It's not easy being diversified with strong blue chip stocks on the TSX, as the bigger companies are mostly resource, utilities and financials. Any suggestions on good dividend paying Canadian based consumer or health stocks like pfizer or jnj in the US?
As far as keeping track of the 26 positions I don't think that is too hard really. I have them on a google finance spreadsheet as well as the g&m watchlist and I keep a close track of the financial news. Most of these are buy and hold so I don't anticipate doing much trading.


----------



## doctrine (Sep 30, 2011)

THI is a great consumer type stock, although you have AE and BPF already, THI is I think a different market and is also a different stock in that its a low dividend but high growth and also a buyback stock - very similar to S&P500 stocks. Another one is ACQ which is auto dealerships.


----------



## scomac (Aug 22, 2009)

kyboch said:


> Not sure what the knock on "small positions" is. Can someone explain that to me?


Too much work to stay on top of and too small an allocation to have a meaningful impact on portfolio performance. 

These types of approaches seem wonderful in theory, but generally prove out to be ineffective in a practical sense.

If you are intent upon stock picking with 20% of your portfolio, then I would limit the selection to your *10 best ideas*. That way, each individual position will be large enough to have a meaningful impact on the portfolio as a whole while still keeping risk in check through diversification and exposure limits. Furthermore, your workload is reduced or more to the point, likely to be kept on top of versus letting things slide when life gets in the way.


----------



## Sampson (Apr 3, 2009)

scomac said:


> then I would limit the selection to your *10 best ideas*.


After you posted the remaining details of your portfolio things change slightly, but only slightly.

Do you believe these are the creme of the crop, or are you focused on dividend yield? Sqrt poses some good questions. Total returns from these picks might not be maximum.
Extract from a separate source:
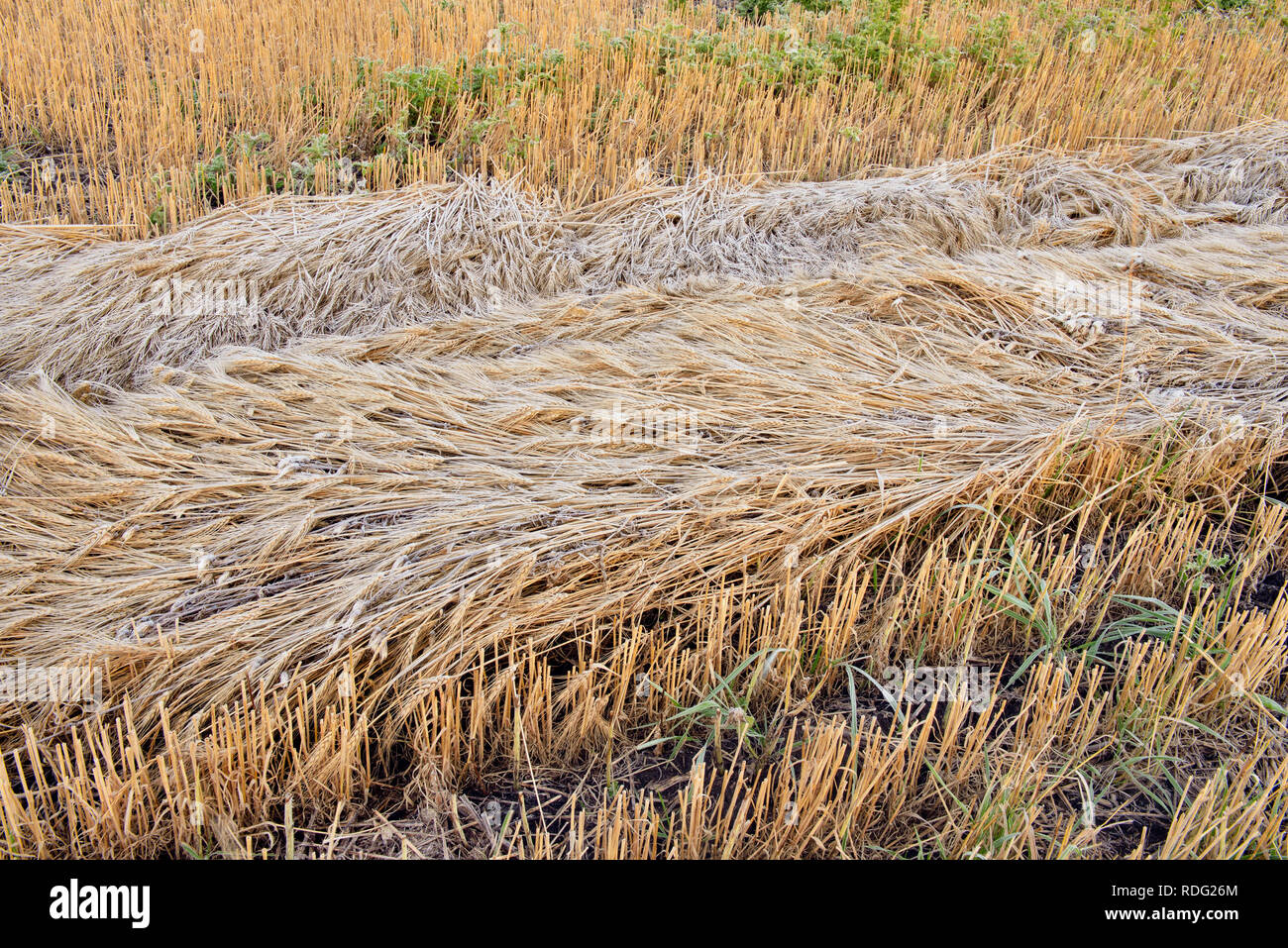 Rows of mown wheat with frost, Waskatenau, Alberta, Canada Stock Photo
Are BNS, BMO, CM, and NA truely going to yield the highest total returns in the Canadian Financial sector? What were your entry prices? Will these perform better over your holding period than TD or RY?

If there is ANY reason to believe these are not the BEST picks in each sector, why make them? As mentioned above, the work to either do the fundamental or technical analysis (whichever your flavor) for this many stocks takes a lot of time, not just reading about the news, but understanding momentum or earnings.
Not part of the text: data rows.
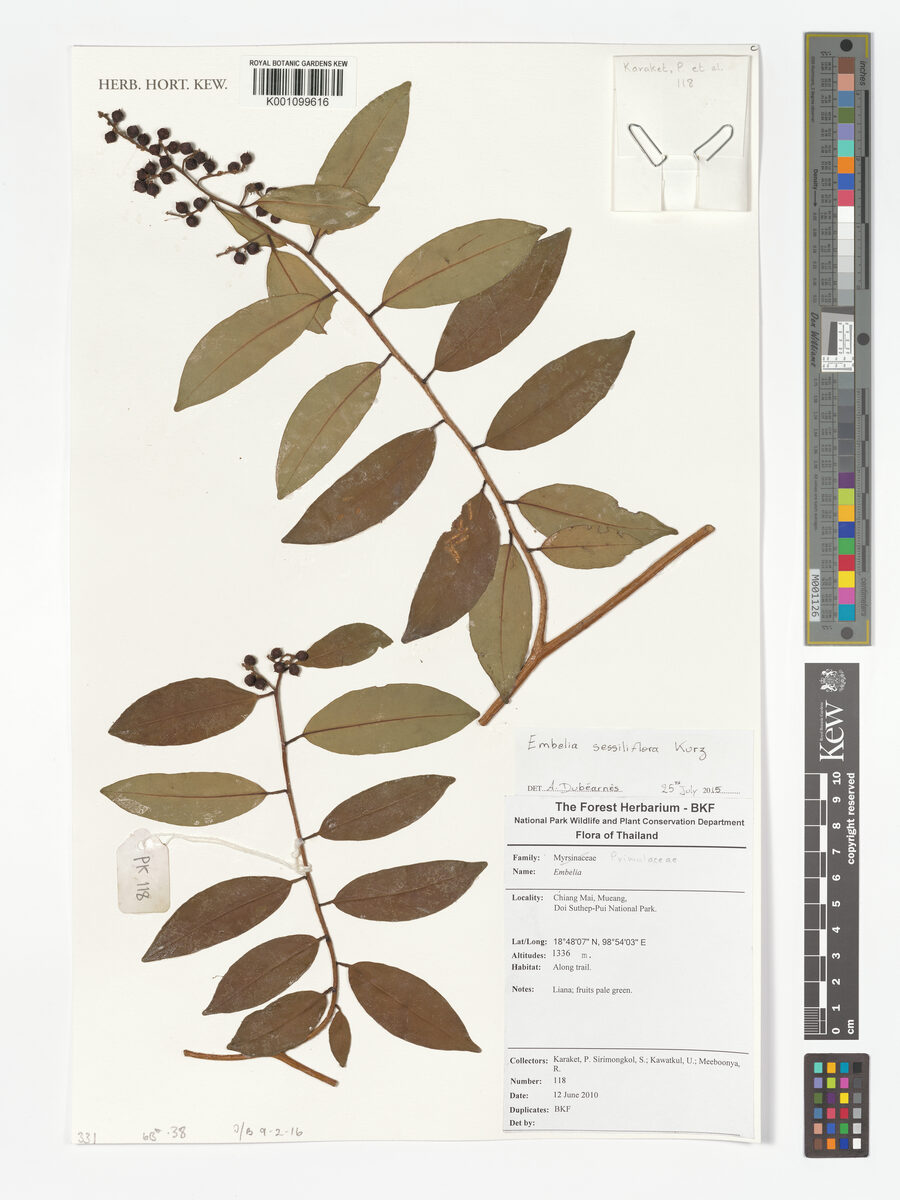Embelia sessiliflora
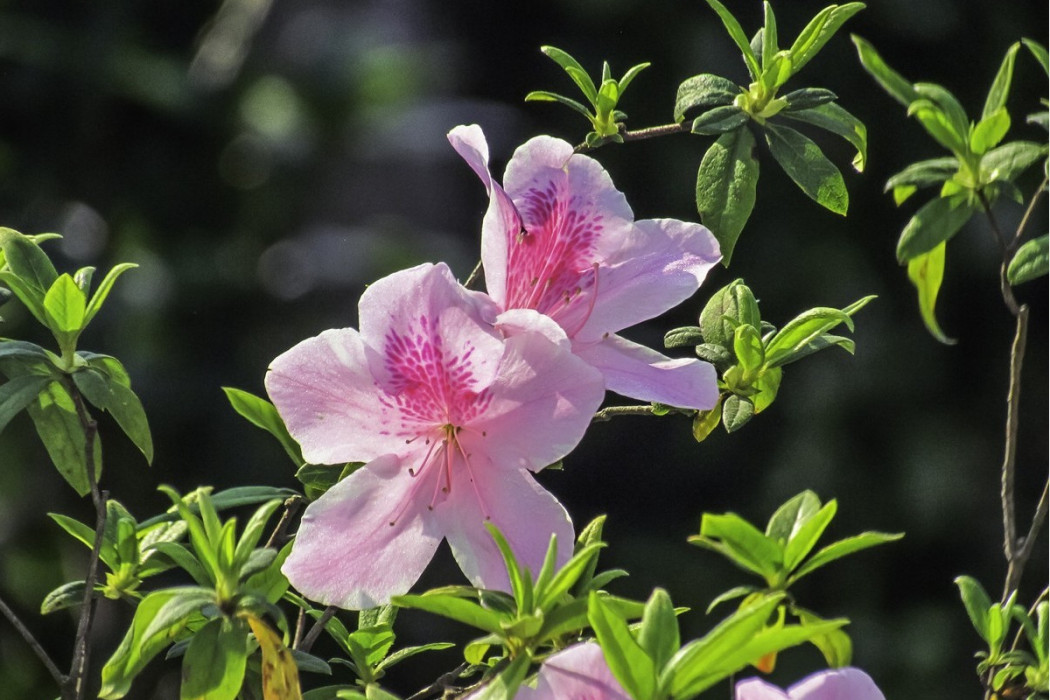 錦華1號 錦華1號
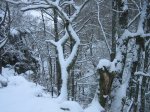 IMG_8917.jpg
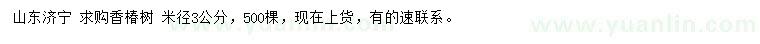 求購(gòu)米徑3公分香椿樹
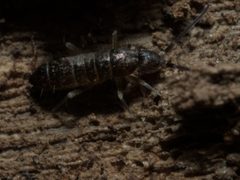 Pogonognathellus bidentatus by (c) Zakqary Roy, some rights reserved (CC BY), uploaded by Zakqary Roy. Used under a CC-BY license.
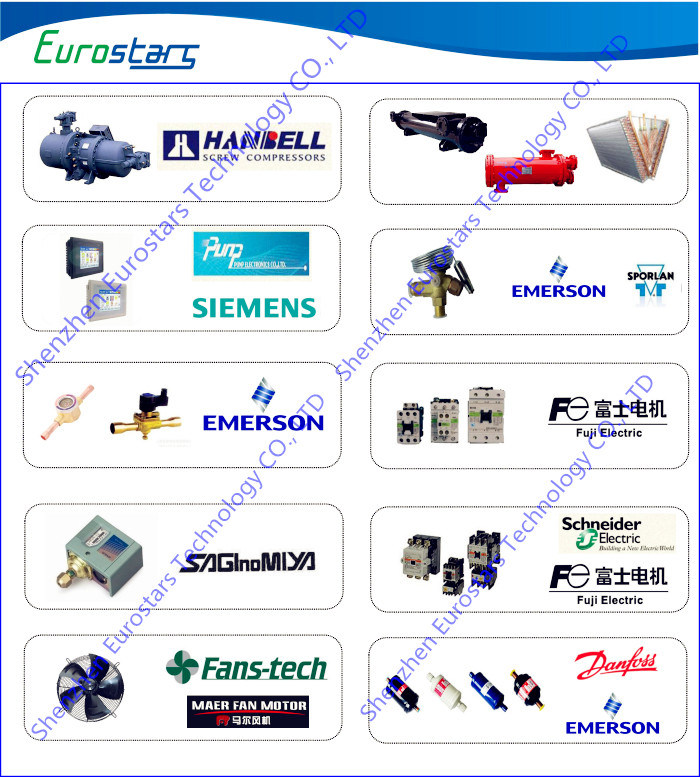 Ce Certifcated Low Ambient Temp. Cooling and Heating Air Cooled Chiller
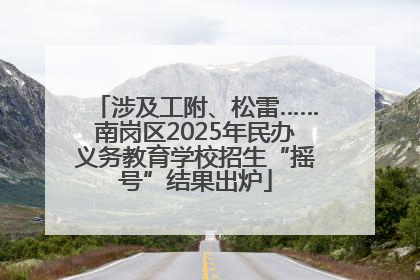 涉及工附、松雷……南岗区2025年民办义务教育学校招生“摇号”结果出炉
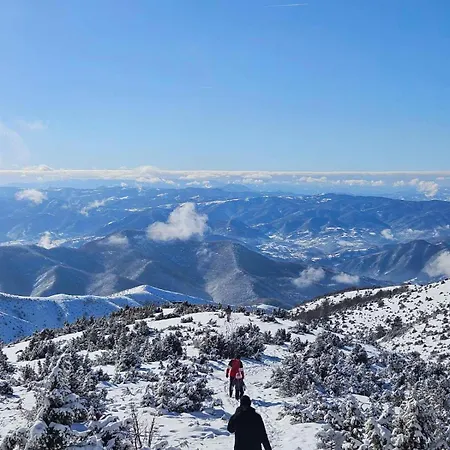 Kraljevi Cardaci 4* Kopaonik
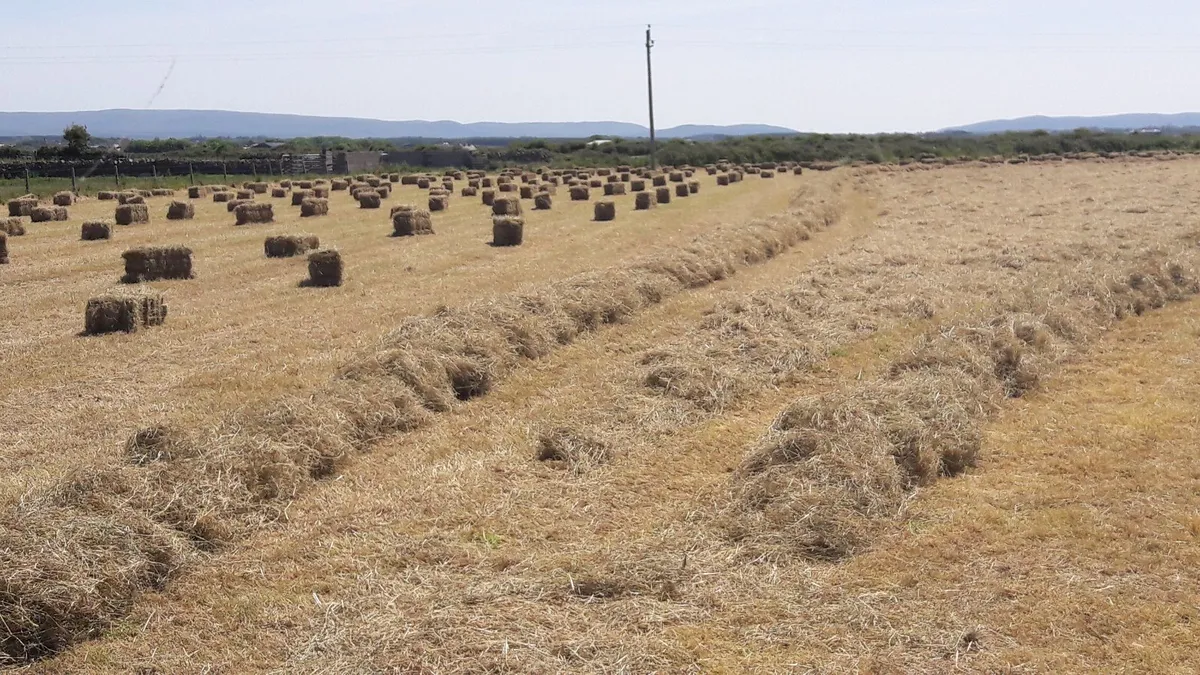2026 Hay small Squares.  Round hay 4x4. - Image 1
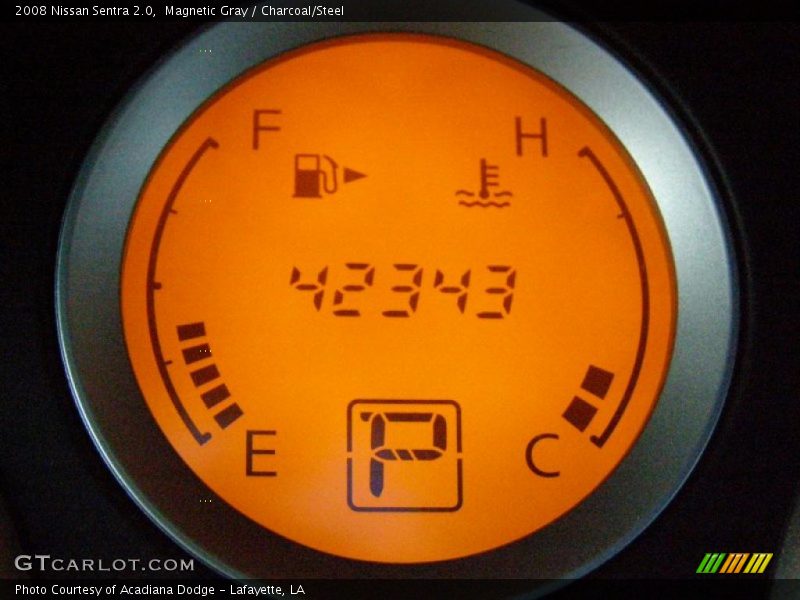 Magnetic Gray / Charcoal/Steel 2008 Nissan Sentra 2.0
The portfolio seems too focused on present day dividends with a possibility of growth and not on finding the companies that will give the greatest returns. If you need the income for retirement etc, then this changes everything.


----------



## blin10 (Jun 27, 2011)

I like how some say too many dividends and not enough stocks for greatest returns, like it's an easy thing to do, in fact I rather stick with a big company paying dividends then some new company that pays nothing and you might hold it forever not earning a penny.... kyboch, you are fine


----------



## kyboch (Dec 23, 2011)

Hey Sampson:
Thanks for your thoughtful reply. I totally understand what you are saying about picking the BEST in each sector. I guess for me the problem is how do I know which will be the best in the future? I chose 4 of the banks because they all pay very good dividends, are relatively stable, but I don't have a clue which one will provide the highest total return over the next few years, so I hedged my bets and bought 4 of them. I've done the same with each sector. For instance I bought BCE and RCI.B because I have no way of knowing which one will do better. Who would have thought that BCE would be denied the astral media purchase, I think most people thought it was a done deal, and BCE share price has dropped where as RCI.B is up almost 9% since I bought it.
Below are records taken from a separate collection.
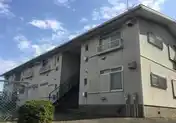 ホワイトサンシャイン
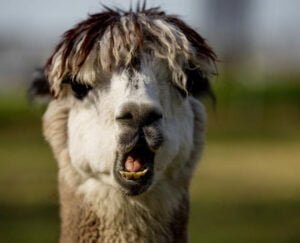 farmcamps-vorstenbosch-alpacaboerderij2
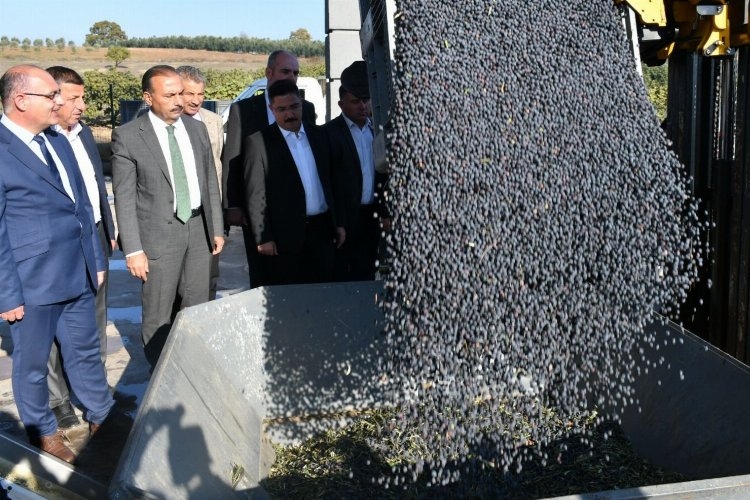 Bursa'da zeytin hasadı ve yağ üretimine start Mudanya'dan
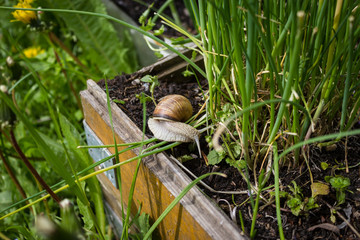 an escargot beside the chives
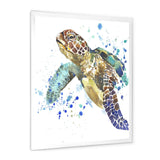 Blue Sea Turtle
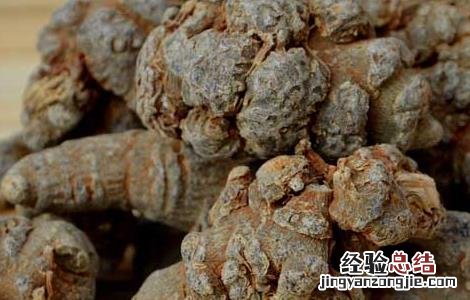 三七有哪些禁忌症 三七有哪些禁忌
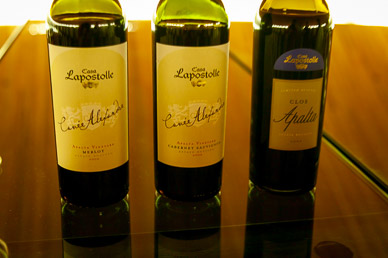 What we tasted at Clos Apalta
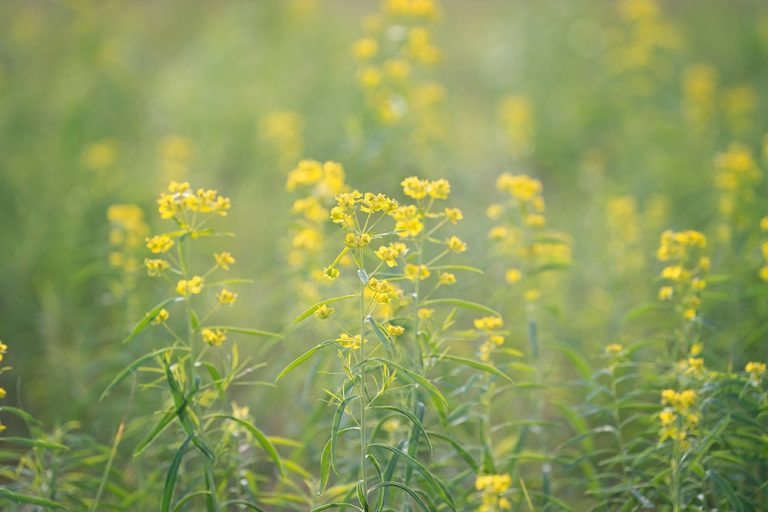 Spurge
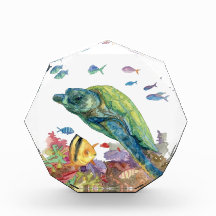 Tortuga y peces en el mar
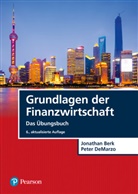 Jonathan Berk, Peter DeMarzo - Grundlagen der Finanzwirtschaft
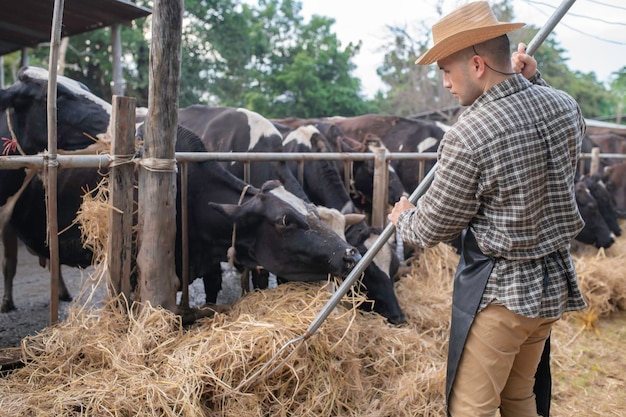 Granjero asiático Trabaja en una granja lechera rural fuera de la ciudad Jóvenes con vaca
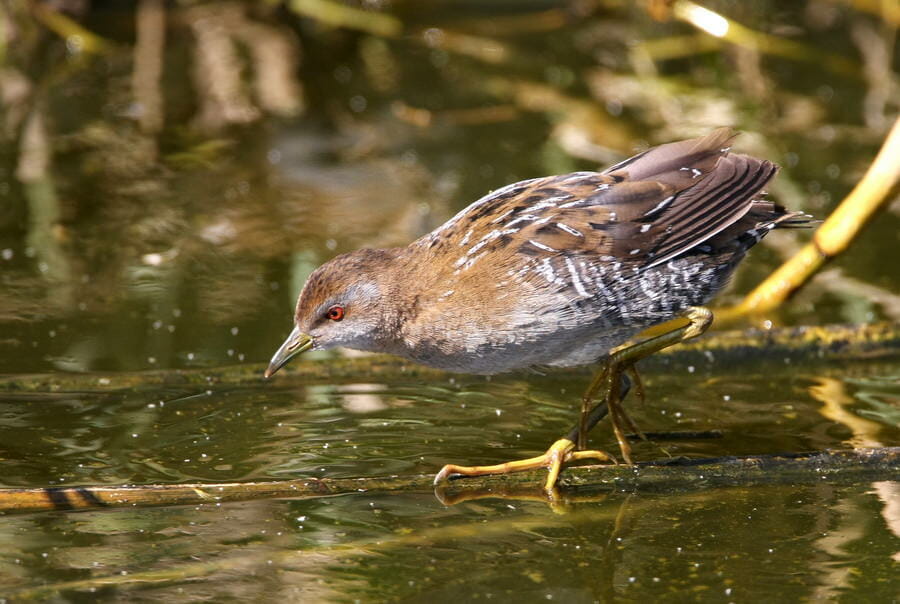 Baillon's Crake walking in water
Man if I knew the ten best stocks that offered a 1.5% dividend but would grow 20% per year I would be down with that in a heartbeat, but the way I see it nobody can tell that. But what I can tell is that a stock offering a 5% dividend and dividend growth is something that I'm going to pocket for sure I mean actual money coming into my cash account! whether or not the stock increases in value I can't say but obviously I hope for the best and in the long term if a company is offering a good product/service they will most likely increase their value. I don't know I think that getting a decent dividend along with dividend growth takes some of the uncertainty out of owning a stock rather than just hoping and praying that it rises in value.

Who knows about next year or the year after but according to the globe and mail my portfolios average total return over the last year would have been 18.79% and 11.65% over the last 5 years. I think that's pretty good growth

Again, thanks for your input. Different opinions help me to examine my approach which is all good man.


----------



## Hawkdog (Oct 26, 2012)

kyboch said:


> Equal weight, around 3G in each except BCE which is 6G, just added to position on the dip. I think it's pretty diversified. Weighted yield is just shy of 5%. Telecoms, pipelines, banks, oil&gas, utilities, industrials, some restaurants and entertainment stocks too. Looking to hold long term and get some slow growth and in the mean time collect the divs. What do you think?
> AD.TO
> ALA.TO
> AW.UN
> ...


You look well diversified, but what was the initial entry cost? It has been discussed here that maybe you hold to many stocks. I tend to agree for two reasons.
1. most of us have to pay to a fee to buy a stock. So you if bought a 25 dollar stocks that pays a .05 dividend per unit/share a month it could take 6 months just to cover the fee. If you bought 26 stocks at 25 bucks per transaction, thats 650 bucks, if you 10 stocks at 25 it would only be 250 bucks. 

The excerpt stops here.